Well, much like Max Rockatansky and Imperator Furiosa, things aren’t easy for post-preemption survivors either.

To illustrate our point, we direct you to Swisher v. Stryker Corp., 2016 U.S. Dist. LEXIS 12726 (W.D. Okla. Feb. 3, 2016).  We know from a prior ruling in the case that the plaintiff claimed injury from a hip implant and that he was asserting a “parallel claim” — an exception to Riegel preemption – based on alleged violations of PMA specifications and applicable Good Manufacturing Practices (GMPs).  When we originally covered the case it was dismissed as not satisfying TwIqbal pleading standards.  Somewhere in the ensuing years plaintiff must have amended his complaint with sufficient facts to maintain a parallel claim and the case proceeded.

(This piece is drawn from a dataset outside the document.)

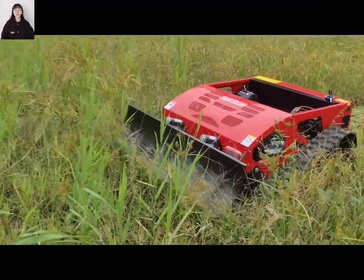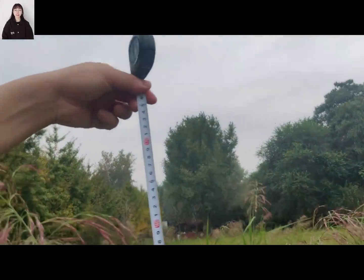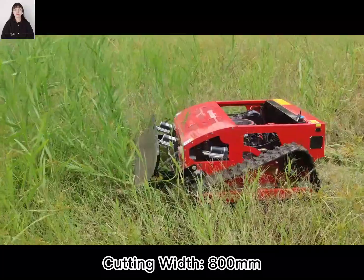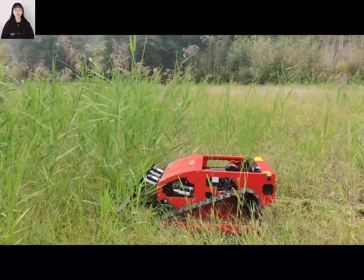Hello, this is Dean from SuperShine Robot. We are a remote control mower factory, and this is our sloped mower.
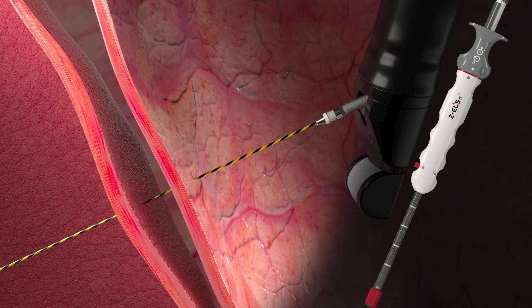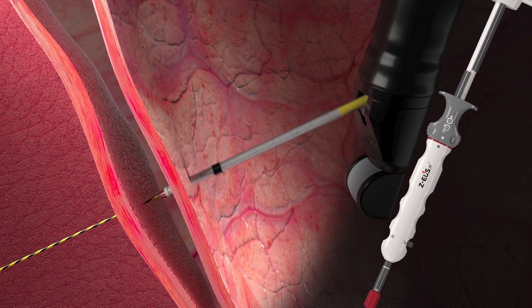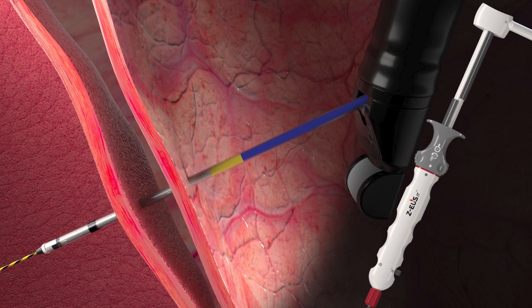Step 1: Positioning. Unlock the sheath lock and push the sheath handle to the targeted location. Make sure the generator is on the recommended setting — pure cut — and push the sheath handle downwards under EUS guidance. Stop the sheath handle at the proper position. When entry is completed, lock the sheath lock and power off the generator. Then unplug the cable from ZEUS.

Now almost three years later, defendants have filed a Daubert challenge to plaintiff’s engineering expert.  While the court found that plaintiff’s expert was qualified to testify about the heat treatment used in the manufacturing process and the effect of that heat treatment on the metal used in the device that was where his expertise stopped.  Id. at *5-6.  But that’s really not enough to make out a parallel claim.  A parallel claim is premised on an allegation that defendant violated a specific federal regulation.  Pleading that may get plaintiff around preemption, but then he’s going to have to prove it.  And an expert engineer isn’t competent to give the necessary testimony on the FDA scheme. For instance, plaintiff’s expert engineer in Swisher “does not have the expertise to express an expert opinion about . . . what the FDA may have viewed as complying or not complying” with manufacturing standards.  Id. at *6.  So plaintiffs are going to need more and varied experts if they are going to maintain their parallel violation claims.  This means the cases are more difficult and more expensive for plaintiffs.

Not only was plaintiff’s expert unqualified to offer the FDA-related opinions, the opinions he did offer turned out to be “inventive” and “wholly lack[ing] a reliable basis.” Central to plaintiff’s case, his expert opined that the ASTM (American Society for Testing and Minerals) rule included an “inherent” or ”implied” requirement that essentially barred heat treatment.  Id. at *7.  Not only could the court not find any evidence to support plaintiff’s expert’s interpretation of the rule, there was ample evidence that that was not the FDA’s interpretation.  Id.  In a post-preemption survival world, plaintiff’s experts have to give specific opinions.  As Swisher demonstrates, it often turns out that what plaintiff claims is “parallel” really involves regulatory interpretations that are much different than the FDA’s.

Life isn’t easy for PMA preemption survivors. They may get farther down the road, but the road is dark, cold and mostly uphill.